Re: Muetis Review-Ecke

#6519739  | PERMALINK

mueti

Registriert seit: 09.11.2007

Beiträge: 1,047


Kevin Drumm – Sheer Hellish Miasma
(Mego MEGO 053, x.05.2002, Audio CD)

1. Turning Point (3:33)
2. Hitting the Pavement (19:58)
3. The Inferno (24:38)
4. Cloudy (5:20)

Der Name ist Programm. Sheer Hellish Miasma ist mit Sicherheit eins der gröbsten und kompromisslosesten Noise-Alben, die ich bisher gehört habe. Ganz nebenbei ist es auch noch das beste. Nicht improvisiert sondern sehr komponiert geht Drumm hier zu Werke, die zwei mittigen 20-Minüter werden dabei von zwei kurzen Tracks als quasi-Intro, bzw. -Outro umrahmt. Auf dem Reissue von 2007 ist auf der Titelnummer 1 auch noch gut Zehn Minuten langer Drone-Track enthalten, dieser ist meiner Meinung nach allerdings vernachlässigbar.
Was sofort auffällt ist die, fürs Genre sehr untypische, glasklare Produktion. An sich wäre das auch nichts direkt positives – allerdings funktioniert es hier auf bislang ungehörte Art und Weise. Jedes Element kommt eindeutig heraus, selbst wenn noch so viele Soundschichten aufeinander eindreschen ist bei genauem Hinhören doch immer alles klar auszumachen – und das auf engsten Raum zusammengepresste Drönen, Scheppern, Gurgeln und Kreischen entfaltet durch diesen klaren Sound, mit dem jeder Ton ungespitzt in die Gehörgänge gehammert wird, eine unglaubliche Intensität und eine geradezu apokalyptische Atmosphäre.

Turning Point.
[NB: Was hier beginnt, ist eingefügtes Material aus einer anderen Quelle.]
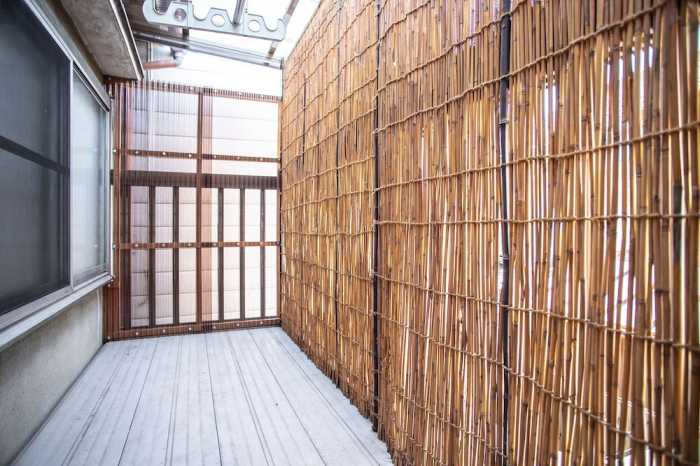 洛 思崖 京都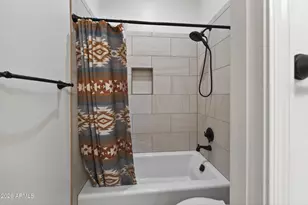 5722 E Jake Haven, Cave Creek, AZ 85331 - Photo 20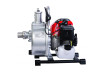 Pompa de apa motor benzina 2T 1.6kW 1.5" 317 L/min RD-GWP03 thumbnail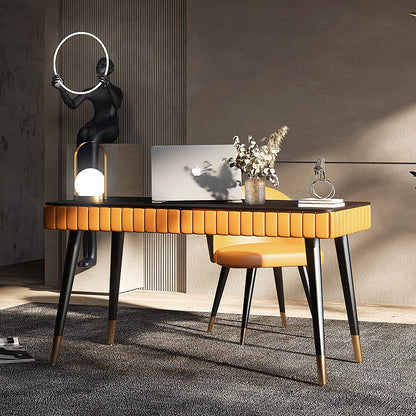 Lazio Italian Desk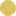 Favicon van schoonheidsinstituutbloss.nl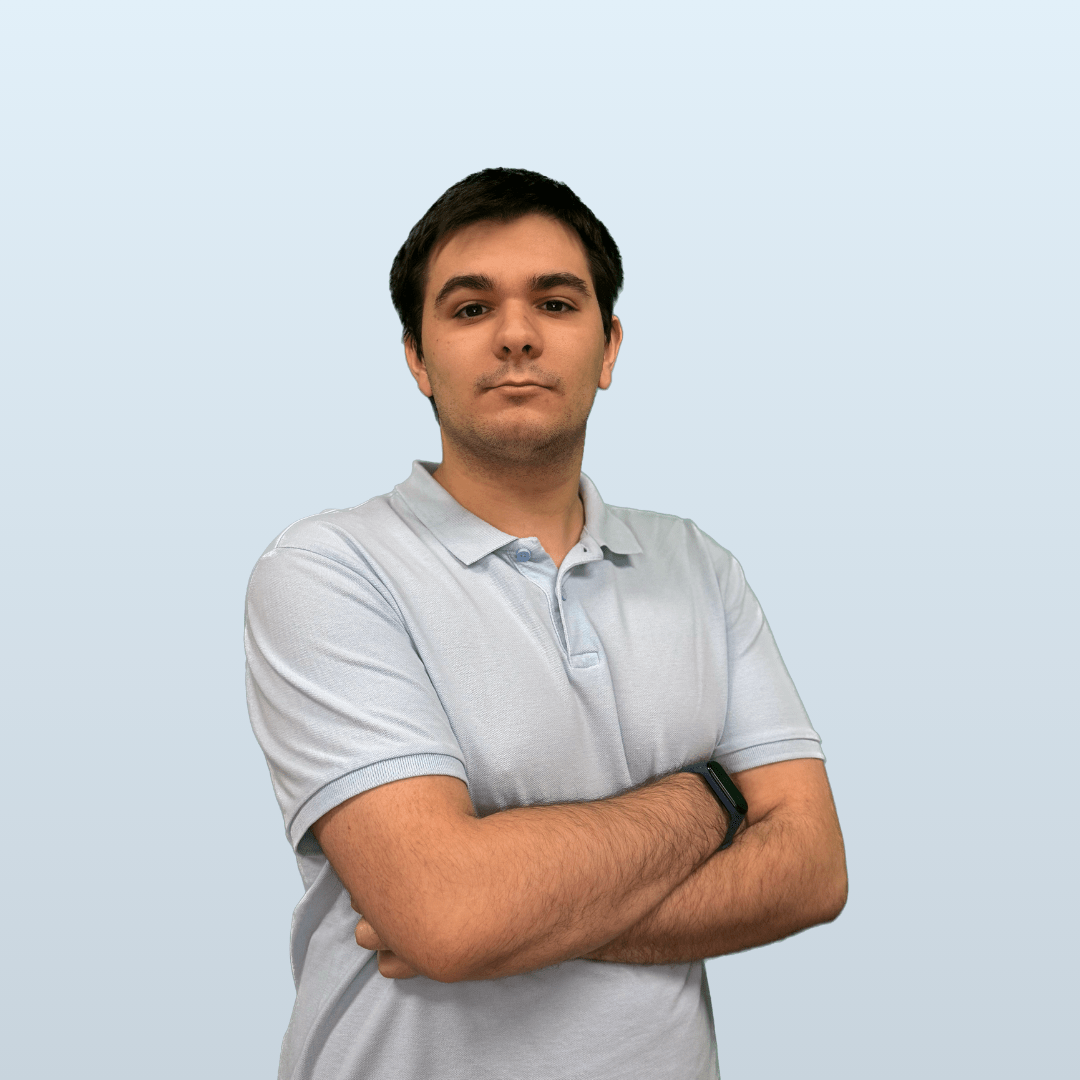 Profil de Orlann, 21 ans, Sex à Arrowwood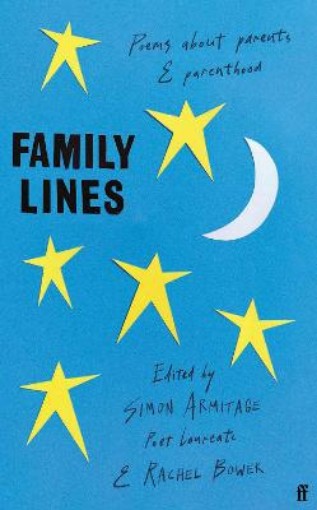 Picture of Family Lines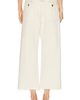 Isabel Marant Etoile Isabel Marant Etoile Ermina Pant - 5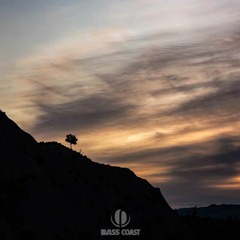 A Bass Coast Beat Tape [All Originals/Rmx]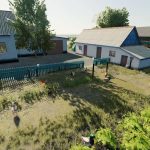 vladimirovka map v0.9 fs22 6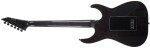 ESP LTD MH-1000ET FM STBLK LH
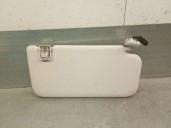 Recambio de parasol izquierdo para ford puma 1.0 ecoboost cat referencia OEM IAM  2724000 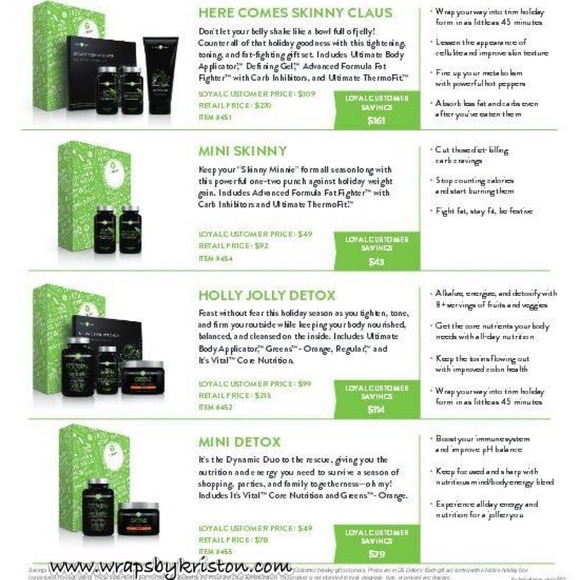 ☝Special Delivery ☝ - Picture 2 of 4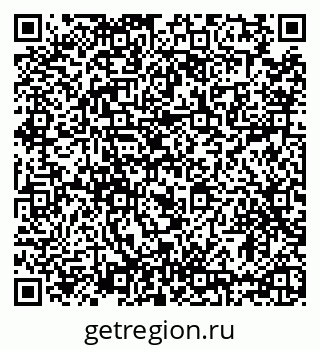 79635514132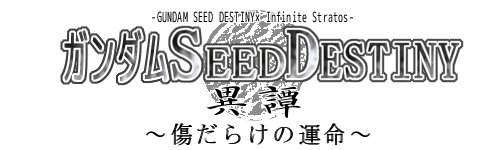 K_SEED DESTINY杁`炯̉^`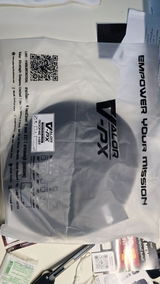h*****7 review photo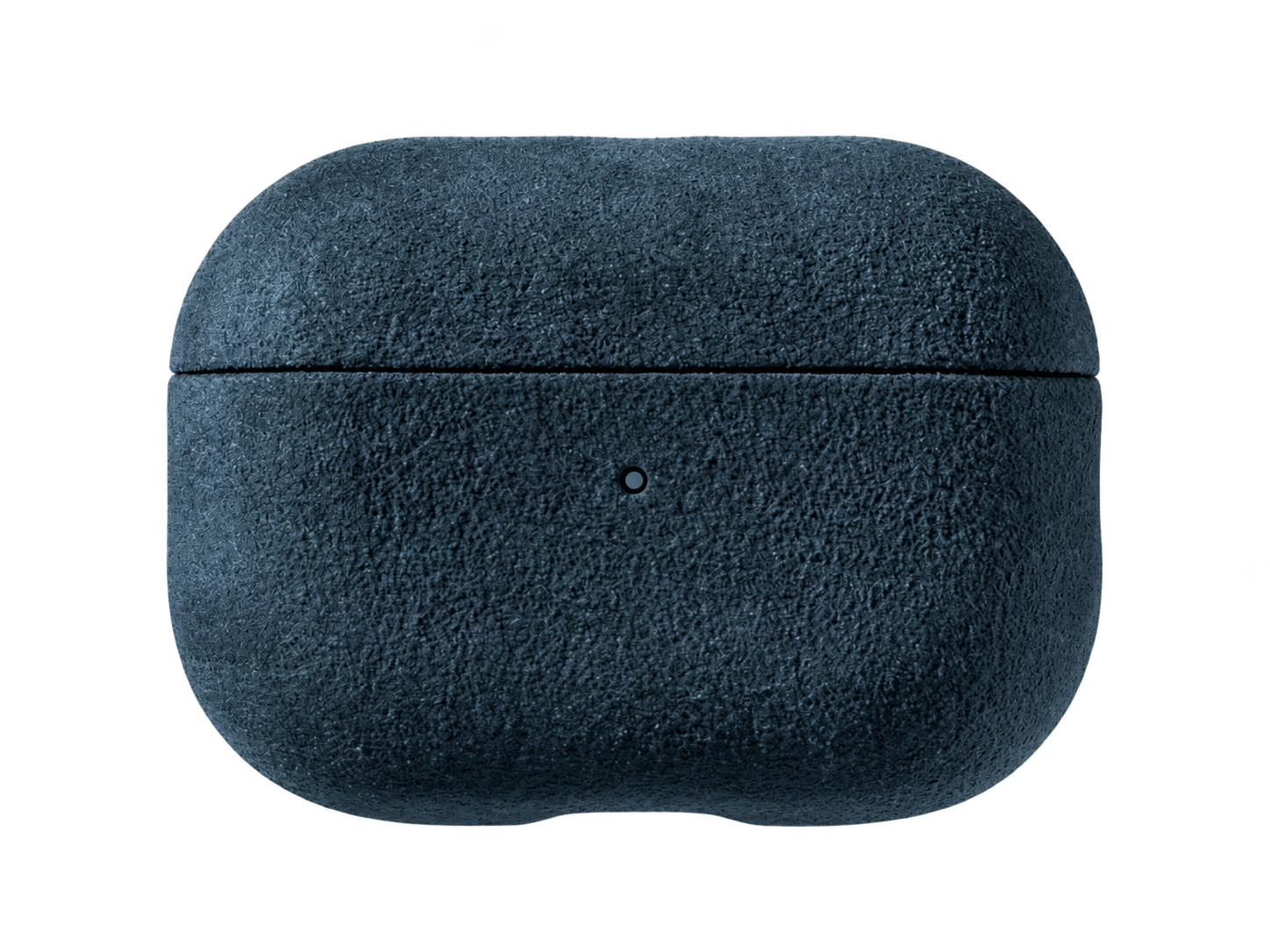 AirPods Pro Case
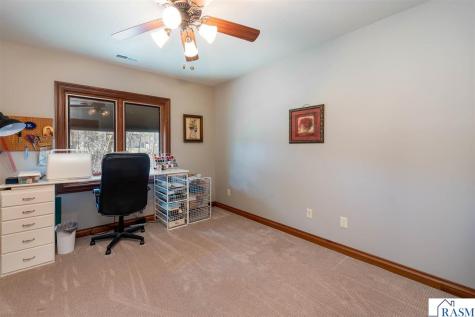 105 Viking Court Mankato MN 56001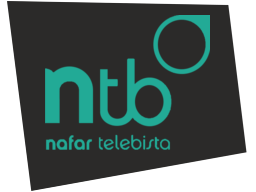 ntb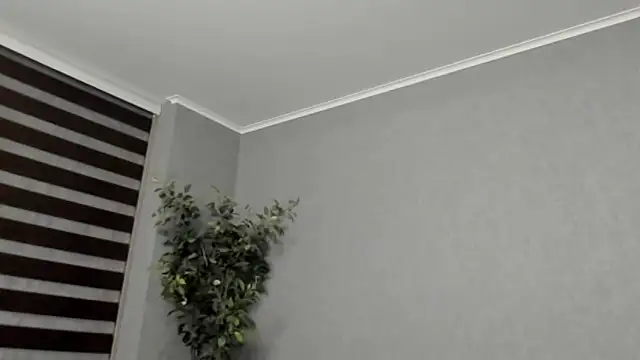 cyborg v03 online show from September 2025 02:01:02 AM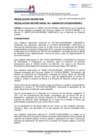 Vista preliminar de documento RS-096-2012-SGEN-RENIEC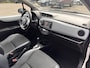 Toyota Yaris 1.5 Full Hybrid Dynamic HALFLEDER,CRUISE,CAMERA,CLIMA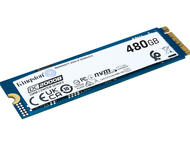 SSD 480GB Kingston DC2000B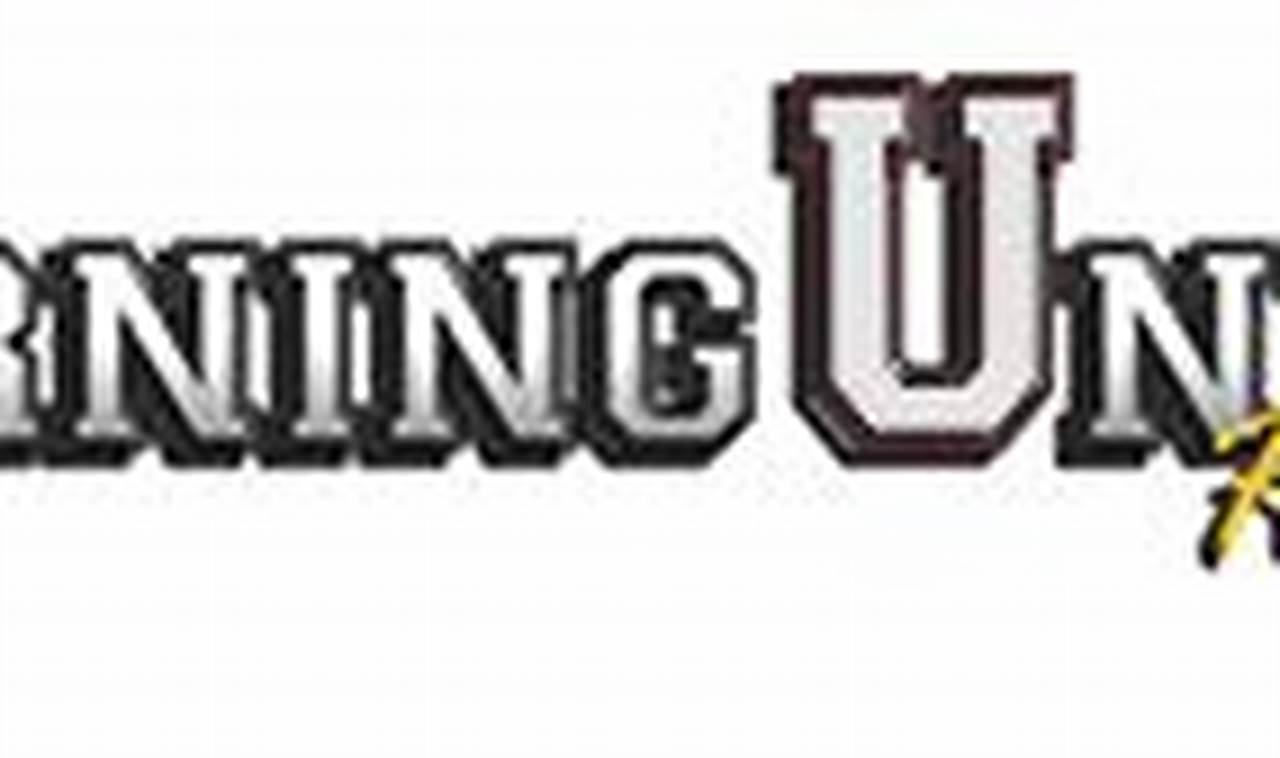Top-rated Corning Union High School District Programs | Best Schools in America: Top Public & Private Options
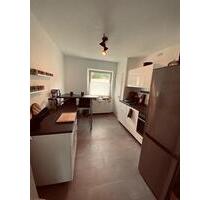 2 Zimmer Wohnung in Waldbröl - 518,00 EUR Kaltmiete, ca.  55,00 m² in Waldbröl (PLZ: 51545)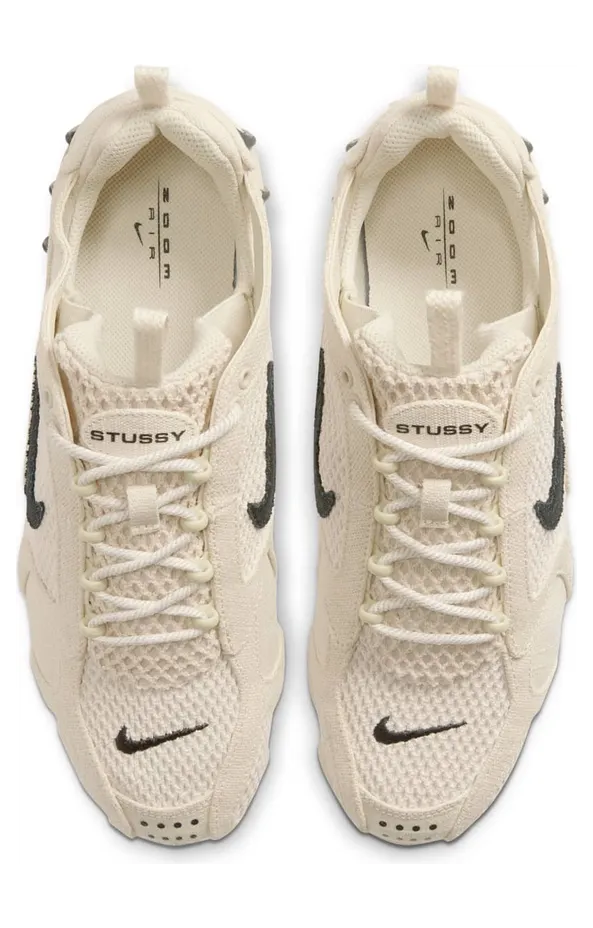 nike-air-zoom CQ5486-200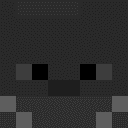 ALEX999GAMEPRO's avatar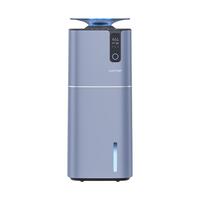 安拓浦 AP-H1 无雾 加湿器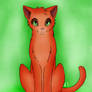 Fireheart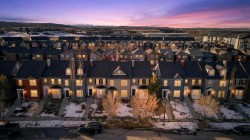 317 Legacy Boulevard SE Calgary, AB T2X 0Y8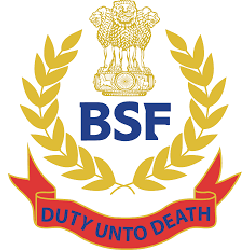 bsf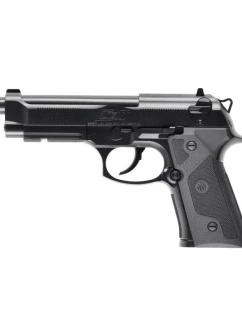 Vzduchovka BERETTA ELITE II (okuláry+střelka)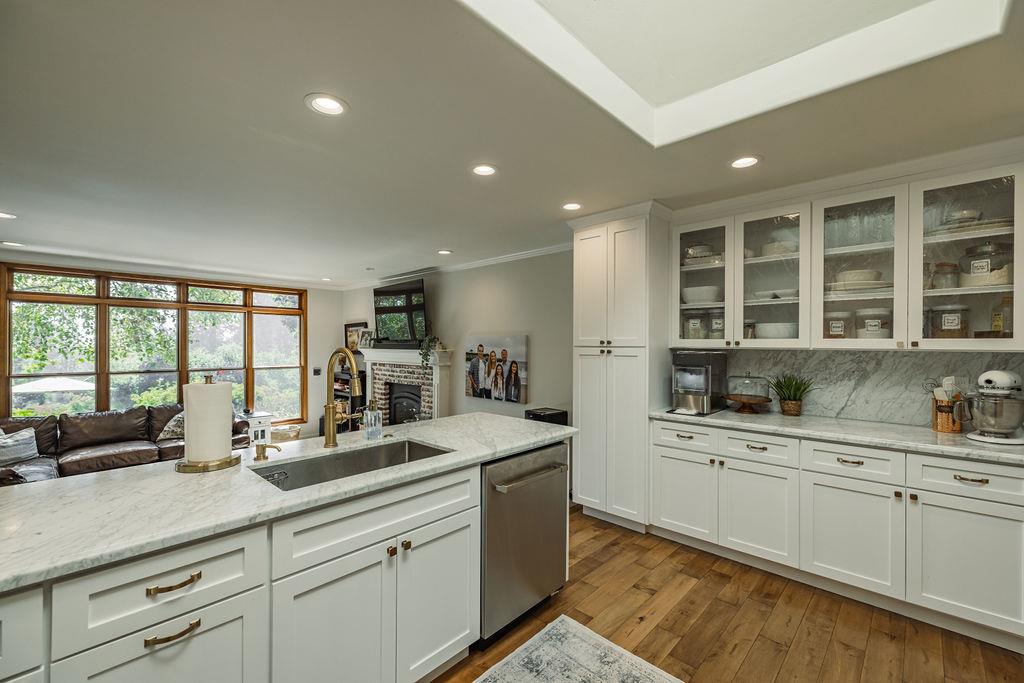 Detail Gallery Image 36 of 93 For 2947 Pleasant Valley Rd, Aptos,  CA 95003 - 3 Beds | 2 Baths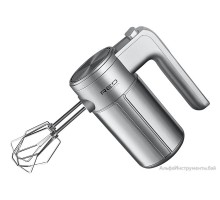 Миксер RED SOLUTION RM2110
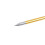 Crossbow Bolts Arrows With High Impact Bolts For Practicing Shooting Target 2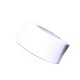 thumbnail image 5 of Soidarity Cinta para la cabeza de la raqueta de tenis, pegatina de protección para raqueta, Manual DIY, accesorio protector de paleta deportivo Type1 NO1, 5 of 6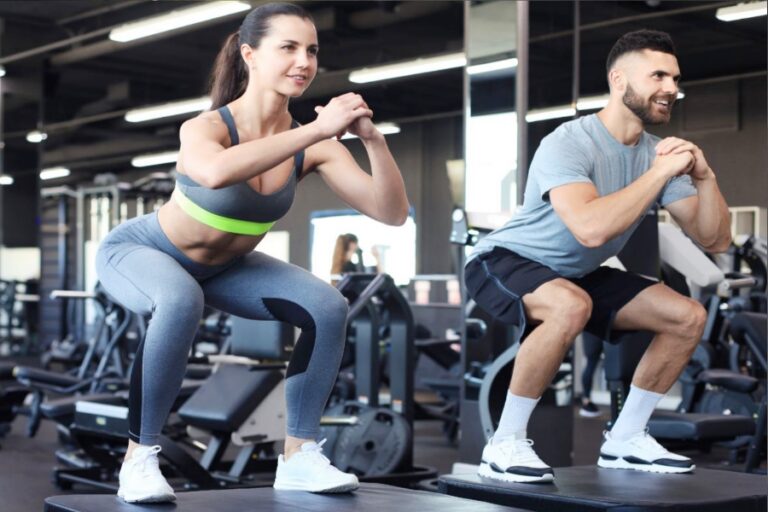 Health Tips: जिम करने के तुरंत बाद इन सभी चीजों से करें परहेज, जल्दी जानें….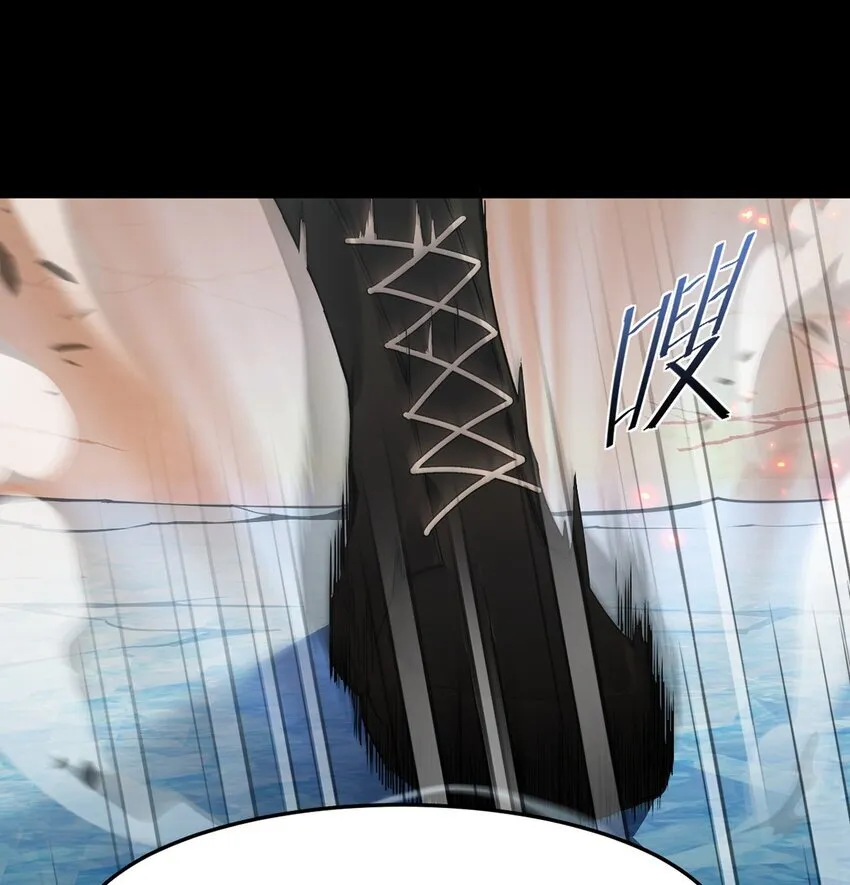 14 营救姜远66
Ein paar zurückhaltende, kleine Stiche zu Beginn, dann sofort volles Programm. Noise-Attacken von allen Seiten, keine Gefangenen. Doch das ist nur der Auftakt.

Hitting the Pavement. Aus dem Nichts bauen sich die Wellen langsam auf, Wellen einzigartig energiegeladener, döhnender Dunkelheit, die immer wieder aus den Lautsprechern gedrückt, immer wieder über sich selbst und über dem Hörer zusammenbrechen. Die Luft scheint zu brennen, alles ist dem Bersten nahe. Ein einstürzendes, kahles Gebäude, es zieht sich in sich zusammen, man ist mittendrin, Decken und Wände zerspringen langsam, man wird ebenso langsam vom Beton zermahlen. Und es gibt in diesem Moment nichts Besseres. Dann Erlösung.

The Inferno. Manchmal ist mehr eben doch mehr. Brutaler, lauter, wilder, heller, heißer. Ein Autounfall, in Zeitlupe, gestreckt auf 25 Minuten. Und wieder könnte es genau jetzt was Besseres nicht geben. Mind-crushing.

Cloudy. Der Schock – es ist vorbei. Leicht schweben hier einige wenige atmosphärische Klänge vor sich hin, die es schaffen die Stimmung nicht nur perfekt weiterzutragen, sondern auch sie zu einem tollen Abschluss zu bringen. Im letzten Moment, um den eventuell in Erleichterung abgedrifteten Hörer noch einmal aufzuschrecken, gibt es das letzte kleine Aufkreischen. Und Schluss.

Greifbar und doch abstrakt, ein Album wie eine Landschaft, dass immer ähnliche Gefühle und Assoziationen hervorruft, aber nie die exakt gleichen. Und auf allen Soundebenen gibt es so unglaublich viel zu entdecken, dass man auch nach dem x-ten Durchgang immer wieder was Neues hören wird. Unmelodisch ist das Album übrigens ganz und gar nicht. Auch wenn die meisten das wahrscheinlich anders hören würden.

Zu empfehlen ist Sheer Hellish Miasma eigentlich allen Musikinteressierten. Und sei es nur um es mal gehört zu haben. Beyond fuckin‘ intense.

Ein brutales, kaltes, brilliantes Meisterwerk.